Lebih detilnya, ia menjelaskan, idealnya dalam sehari masyarakat dapat mengonsumsi gula tidak lebih dari 50 gram (setara 4 sendok makan), garam tidak lebih dari 5 gram (setara 1 sendok teh), dan lemak tidak lebih dari 67 gram (setara 5 sendok makan).
"Dengan selalu cermat membaca label kemasan dan menjadikannya sebagai kebiasaan, maka masyarakat akan lebih cerdas untuk memilah zat gizi apa yang harus dipenuhi dan yang harus dibatasi agar terhindar dari berbagai penyakit, salah satunya obesitas," ungkapnya.
Badan POM juga, lanjut Meliza, telah melakukan kampanye agar konsumen memilih produk yang sesuai dengan kebutuhan gizinya.
"Salah satu cara untuk memudahkan masyarakat memilih pangan yang lebih sehat adalah dengan mencantumkan keterangan Logo 'Pilihan Lebih Sehat' pada pangan olahan yang memenuhi kriteria kandungan gula, garam, lemak dan/atau zat gizi lainnya. Harapannya masyarakat dapat bijak memilih produk dan mengonsumsinya dalam jumlah yang wajar,” jelasnya.
Advertisement
Kemenkes Sebut 1 dari 5 Anak Mengalami Obesitas
Direktur Pencegahan dan Pengendalian Penyakit Tidak Menular (P2PTM), Kementerian Kesehatan RI Eva Susanti mengatakan, data Riset Kesehatan Dasar 2018 mencatat, 1 dari 5 anak berusia 5-12 tahun, dan 1 dari 7 remaja berusia 13-18 tahun di Indonesia mengalami kelebihan berat badan atau obesitas.
“Prevalensi sindrom metabolik (SM) di Indonesia sebesar 23,34%, lebih tinggi pada laki-laki (26,2%) dibandingkan pada perempuan (21,4%) dan diprediksi menyebabkan kenaikan dua kali lipat risiko terjadinya penyakit jantung dan lima kali lipat pada penyakit diabetes melitus tipe 2," katanya.

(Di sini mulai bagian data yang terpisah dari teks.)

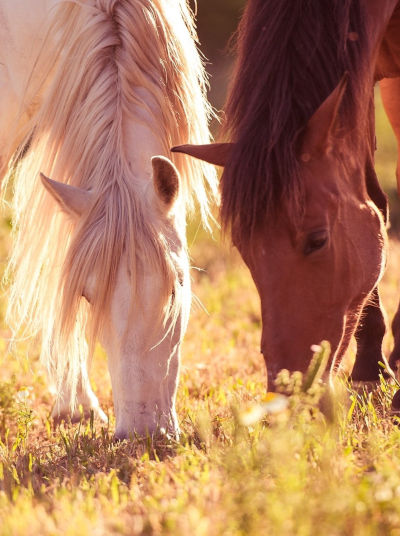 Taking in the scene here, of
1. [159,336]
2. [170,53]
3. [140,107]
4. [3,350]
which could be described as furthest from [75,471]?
[3,350]

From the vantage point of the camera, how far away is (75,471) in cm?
271

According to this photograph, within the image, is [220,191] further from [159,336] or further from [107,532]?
[107,532]

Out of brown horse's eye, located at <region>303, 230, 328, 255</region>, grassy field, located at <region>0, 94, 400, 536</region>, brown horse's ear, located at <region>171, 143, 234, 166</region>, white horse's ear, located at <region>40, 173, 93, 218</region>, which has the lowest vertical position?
grassy field, located at <region>0, 94, 400, 536</region>

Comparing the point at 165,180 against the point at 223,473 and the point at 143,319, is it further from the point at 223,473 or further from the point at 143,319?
the point at 223,473

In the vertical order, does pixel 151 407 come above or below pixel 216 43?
below

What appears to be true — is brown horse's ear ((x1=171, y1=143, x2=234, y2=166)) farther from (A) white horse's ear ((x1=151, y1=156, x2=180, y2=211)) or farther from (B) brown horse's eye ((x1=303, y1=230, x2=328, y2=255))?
(B) brown horse's eye ((x1=303, y1=230, x2=328, y2=255))

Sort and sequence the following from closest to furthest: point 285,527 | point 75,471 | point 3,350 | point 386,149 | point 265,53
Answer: point 285,527 < point 75,471 < point 265,53 < point 3,350 < point 386,149

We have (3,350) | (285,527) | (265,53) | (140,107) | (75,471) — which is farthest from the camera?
(3,350)

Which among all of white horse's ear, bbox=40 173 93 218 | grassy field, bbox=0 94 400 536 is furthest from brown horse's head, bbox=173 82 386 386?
white horse's ear, bbox=40 173 93 218

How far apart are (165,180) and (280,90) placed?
0.56 m

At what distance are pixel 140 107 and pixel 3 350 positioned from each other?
8.22 feet

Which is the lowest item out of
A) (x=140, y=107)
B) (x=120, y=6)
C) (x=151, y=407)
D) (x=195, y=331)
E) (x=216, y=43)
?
(x=195, y=331)

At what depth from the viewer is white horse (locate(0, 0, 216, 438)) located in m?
2.90

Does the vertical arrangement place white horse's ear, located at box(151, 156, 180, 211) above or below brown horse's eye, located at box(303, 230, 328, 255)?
above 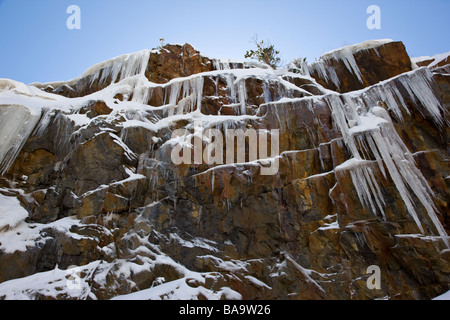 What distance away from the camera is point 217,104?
41.4ft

Untuk itu pemerintah menyerukan agar semua pihak, termasuk para guru, orang tua dan pelaku sektor swasta, memprioritaskan asupan nutrisi seimbang pada anak, serta mendorong aktivitas fisik untuk mencegah dan menghentikan rantai obesitas sedini mungkin.
"Berbagai upaya juga sudah dilakukan pemerintah mulai dari menerbitkan Permenkes tentang Pencantuman Informasi Kandungan Gula, Garam, dan Lemak Serta Pesan Kesehatan untuk Pangan Olahan dan Pangan Siap Saji serta melakukan edukasi terkait aturan tersebut,” ujar Eva.
Cerita Penyintas Obesitas
Meirza Hartoto, Penyintas Obesitas menceritakan pengalamannya menurunkan berat badan.

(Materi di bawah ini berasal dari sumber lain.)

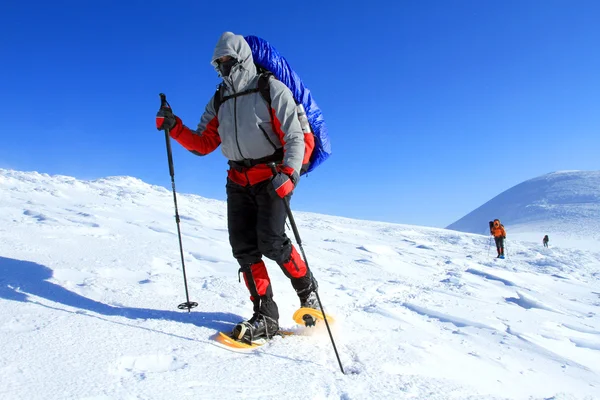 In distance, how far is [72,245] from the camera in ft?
16.1

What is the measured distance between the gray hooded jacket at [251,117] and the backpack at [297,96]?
12 centimetres

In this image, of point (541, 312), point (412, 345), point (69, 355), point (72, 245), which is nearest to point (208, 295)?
point (69, 355)

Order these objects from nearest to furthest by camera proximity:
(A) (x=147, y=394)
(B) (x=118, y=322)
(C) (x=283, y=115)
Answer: (A) (x=147, y=394) < (B) (x=118, y=322) < (C) (x=283, y=115)

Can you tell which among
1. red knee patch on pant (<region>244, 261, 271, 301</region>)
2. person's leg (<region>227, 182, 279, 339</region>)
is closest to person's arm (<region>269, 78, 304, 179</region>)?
person's leg (<region>227, 182, 279, 339</region>)

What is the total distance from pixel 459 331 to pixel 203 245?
469 centimetres

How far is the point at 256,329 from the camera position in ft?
9.31

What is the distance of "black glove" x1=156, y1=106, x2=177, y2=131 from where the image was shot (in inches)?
127

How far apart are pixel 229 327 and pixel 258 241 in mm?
707

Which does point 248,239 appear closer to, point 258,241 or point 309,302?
point 258,241

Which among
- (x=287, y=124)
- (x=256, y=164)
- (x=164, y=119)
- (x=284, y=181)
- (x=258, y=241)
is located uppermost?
(x=164, y=119)

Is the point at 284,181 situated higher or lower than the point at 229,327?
higher

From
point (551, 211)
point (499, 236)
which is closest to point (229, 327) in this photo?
point (499, 236)

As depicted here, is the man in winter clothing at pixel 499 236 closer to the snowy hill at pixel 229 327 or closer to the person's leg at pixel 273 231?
the snowy hill at pixel 229 327

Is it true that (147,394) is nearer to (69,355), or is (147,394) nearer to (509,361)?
(69,355) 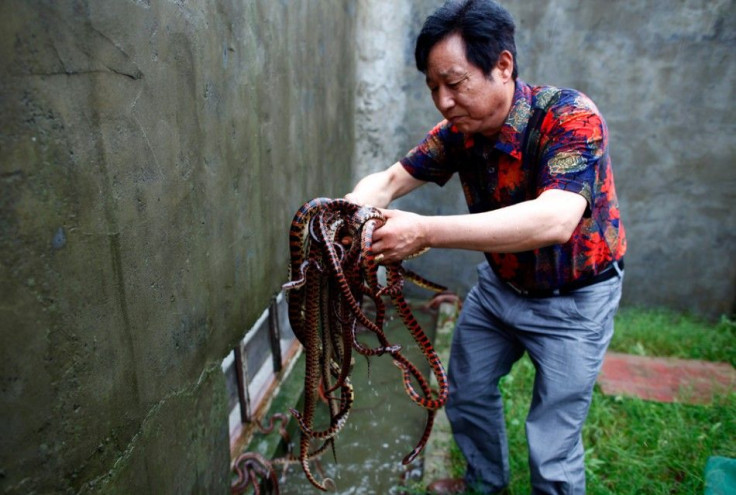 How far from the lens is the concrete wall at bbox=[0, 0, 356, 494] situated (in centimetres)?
127

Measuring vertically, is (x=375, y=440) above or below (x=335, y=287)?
below

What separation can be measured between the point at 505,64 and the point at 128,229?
1572 mm

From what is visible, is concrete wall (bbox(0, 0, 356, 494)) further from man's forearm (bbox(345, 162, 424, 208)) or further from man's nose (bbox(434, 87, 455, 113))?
man's nose (bbox(434, 87, 455, 113))

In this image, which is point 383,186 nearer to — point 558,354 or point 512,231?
point 512,231

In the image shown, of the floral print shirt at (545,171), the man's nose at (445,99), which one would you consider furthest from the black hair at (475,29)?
the floral print shirt at (545,171)

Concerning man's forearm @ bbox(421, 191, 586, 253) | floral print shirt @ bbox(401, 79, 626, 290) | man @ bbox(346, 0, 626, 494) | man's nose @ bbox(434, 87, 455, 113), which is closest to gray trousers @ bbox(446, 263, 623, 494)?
man @ bbox(346, 0, 626, 494)

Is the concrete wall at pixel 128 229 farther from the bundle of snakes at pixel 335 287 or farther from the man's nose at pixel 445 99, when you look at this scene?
the man's nose at pixel 445 99

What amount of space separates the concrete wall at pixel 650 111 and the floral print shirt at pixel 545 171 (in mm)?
3130

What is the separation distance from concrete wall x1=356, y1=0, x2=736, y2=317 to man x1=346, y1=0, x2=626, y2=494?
3129 millimetres

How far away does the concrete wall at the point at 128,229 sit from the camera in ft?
4.18

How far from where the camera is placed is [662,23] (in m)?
4.98

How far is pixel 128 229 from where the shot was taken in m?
1.69

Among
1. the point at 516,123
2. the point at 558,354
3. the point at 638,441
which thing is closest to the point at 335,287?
the point at 516,123

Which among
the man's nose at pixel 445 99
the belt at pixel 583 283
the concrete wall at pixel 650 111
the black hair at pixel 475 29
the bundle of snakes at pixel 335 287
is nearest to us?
the bundle of snakes at pixel 335 287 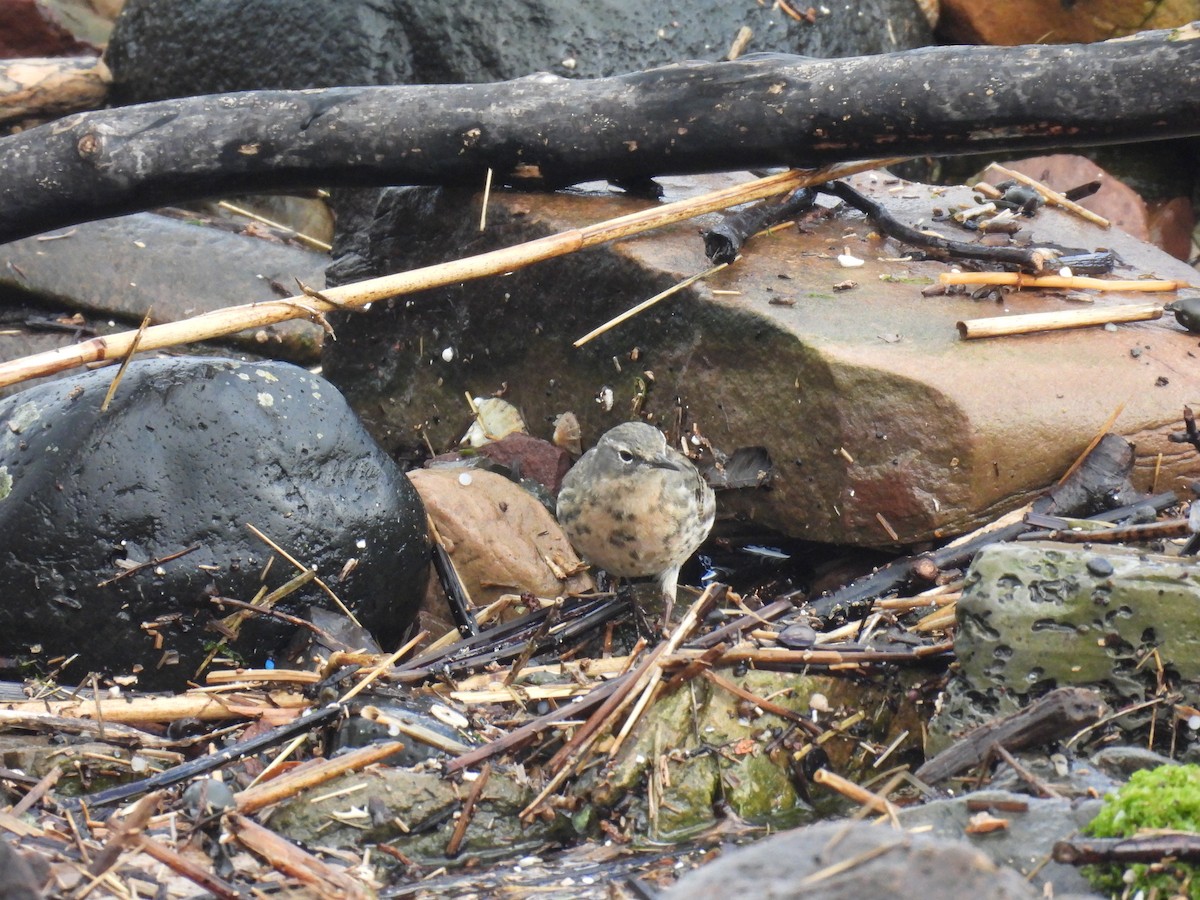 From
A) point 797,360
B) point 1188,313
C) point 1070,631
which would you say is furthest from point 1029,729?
point 1188,313

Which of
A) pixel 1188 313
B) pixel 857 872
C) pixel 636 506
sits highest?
pixel 857 872

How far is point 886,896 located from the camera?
8.49 feet

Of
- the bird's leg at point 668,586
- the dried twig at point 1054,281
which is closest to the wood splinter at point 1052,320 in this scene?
the dried twig at point 1054,281

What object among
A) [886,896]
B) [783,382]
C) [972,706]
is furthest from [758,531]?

"Pada saat remaja, berat badan saya pernah mencapai hingga 100 kg yang membuat saya kesulitan menjalani berbagai aktivitas di sekolah karena pergerakan tubuh dan pernapasan yang sulit," katanya.

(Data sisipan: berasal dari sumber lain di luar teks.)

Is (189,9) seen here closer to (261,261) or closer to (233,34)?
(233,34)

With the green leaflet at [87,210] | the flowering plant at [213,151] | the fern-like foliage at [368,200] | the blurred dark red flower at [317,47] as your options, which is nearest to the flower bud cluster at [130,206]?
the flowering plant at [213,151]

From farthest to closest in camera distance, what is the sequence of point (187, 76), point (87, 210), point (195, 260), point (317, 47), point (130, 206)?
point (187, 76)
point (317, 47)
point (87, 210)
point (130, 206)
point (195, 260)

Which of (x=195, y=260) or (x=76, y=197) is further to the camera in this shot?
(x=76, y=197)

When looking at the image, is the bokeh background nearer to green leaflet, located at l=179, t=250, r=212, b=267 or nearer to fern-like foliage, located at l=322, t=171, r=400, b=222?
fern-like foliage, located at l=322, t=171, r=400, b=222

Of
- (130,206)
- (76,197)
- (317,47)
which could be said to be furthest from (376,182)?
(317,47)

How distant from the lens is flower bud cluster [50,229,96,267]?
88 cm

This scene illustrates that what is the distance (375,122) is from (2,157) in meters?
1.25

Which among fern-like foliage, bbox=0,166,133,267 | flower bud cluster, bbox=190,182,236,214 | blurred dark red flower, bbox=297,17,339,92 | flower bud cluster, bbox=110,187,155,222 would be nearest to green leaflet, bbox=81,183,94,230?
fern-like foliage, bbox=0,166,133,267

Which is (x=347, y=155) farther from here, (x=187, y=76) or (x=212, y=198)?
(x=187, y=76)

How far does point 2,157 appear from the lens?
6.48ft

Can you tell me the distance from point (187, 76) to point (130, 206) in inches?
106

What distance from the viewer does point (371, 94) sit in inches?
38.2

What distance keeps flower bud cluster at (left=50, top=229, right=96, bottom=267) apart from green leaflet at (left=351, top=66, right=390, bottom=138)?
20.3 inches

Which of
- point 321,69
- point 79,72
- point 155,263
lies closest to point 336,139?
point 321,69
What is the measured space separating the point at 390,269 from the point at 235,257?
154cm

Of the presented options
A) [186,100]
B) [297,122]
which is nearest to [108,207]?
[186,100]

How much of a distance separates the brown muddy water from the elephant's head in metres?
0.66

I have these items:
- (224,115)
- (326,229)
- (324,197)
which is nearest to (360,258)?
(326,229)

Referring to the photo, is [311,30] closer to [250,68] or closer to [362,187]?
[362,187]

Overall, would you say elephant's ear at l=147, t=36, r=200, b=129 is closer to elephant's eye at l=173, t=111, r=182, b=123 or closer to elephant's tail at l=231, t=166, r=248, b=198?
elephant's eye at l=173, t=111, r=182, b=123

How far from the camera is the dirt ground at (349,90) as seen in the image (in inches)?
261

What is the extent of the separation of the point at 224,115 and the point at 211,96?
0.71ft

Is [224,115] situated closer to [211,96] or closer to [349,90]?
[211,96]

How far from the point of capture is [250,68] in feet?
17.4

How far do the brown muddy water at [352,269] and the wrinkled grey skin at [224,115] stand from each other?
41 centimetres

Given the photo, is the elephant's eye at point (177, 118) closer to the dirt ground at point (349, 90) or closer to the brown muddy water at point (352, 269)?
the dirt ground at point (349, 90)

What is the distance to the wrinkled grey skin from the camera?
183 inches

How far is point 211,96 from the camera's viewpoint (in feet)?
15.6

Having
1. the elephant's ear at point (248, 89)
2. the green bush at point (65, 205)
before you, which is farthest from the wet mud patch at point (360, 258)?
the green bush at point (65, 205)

Akibat minim edukasi terkait pola hidup sehat yang benar, Meirza bahkan pernah melakukan diet ekstrem yang menyebabkan psikis terganggu dan membuat rambut rontok parah.
"Sejak mempelajari pola hidup sehat yang benar dengan membatasi asupan gula, garam, lemak, dan aktif berolahraga, saya berhasil menurunkan berat badan sebanyak 28 kg ke angka ideal, yang disertai dengan peningkatan massa otot," katanya.
"Selain penurunan berat badan, saya juga merasakan perubahan yang signifikan pada kondisi fisik yang terasa lebih fit, dan lebih produktif dalam beraktivitas. Saat ini saya bertekad menularkan semangat gaya hidup sehat serta mengedukasi keluarga dan lingkungan sekitar agar tidak ada lagi anak dan remaja yang mengalami kondisi seperti saya dahulu," ujarnya lagi.
Head of Strategic Marketing Nutrifood Susana mengatakan, pihaknya berharap setiap anak dan remaja dapat memutuskan rantai obesitas yang terjadi di lingkungannya dan setiap orang bisa menularkan dampak positif dengan memahami pilihan makanan minuman yang lebih baik dan tetap nikmat.
"Kami menyadari bahwa isu obesitas terutama pada anak dan remaja berdampak negatif bagi kesehatan karena bisa meningkatkan risiko sindrom metabolik pada saat mereka dewasa, sehingga perlu adanya kerja sama seluruh pihak dalam mengatasi isu ini," katanya.